Work to be completed.
Nothing should change. Output the data exactly.

Available data.
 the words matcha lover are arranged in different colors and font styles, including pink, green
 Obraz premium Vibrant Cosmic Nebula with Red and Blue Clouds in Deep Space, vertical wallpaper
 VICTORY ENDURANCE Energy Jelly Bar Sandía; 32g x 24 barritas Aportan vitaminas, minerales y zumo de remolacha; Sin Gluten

Written solution.
 the words matcha lover are arranged in different colors and font styles, including pink, green
 Obraz premium Vibrant Cosmic Nebula with Red and Blue Clouds in Deep Space, vertical wallpaper
 VICTORY ENDURANCE Energy Jelly Bar Sandía; 32g x 24 barritas Aportan vitaminas, minerales y zumo de remolacha; Sin Gluten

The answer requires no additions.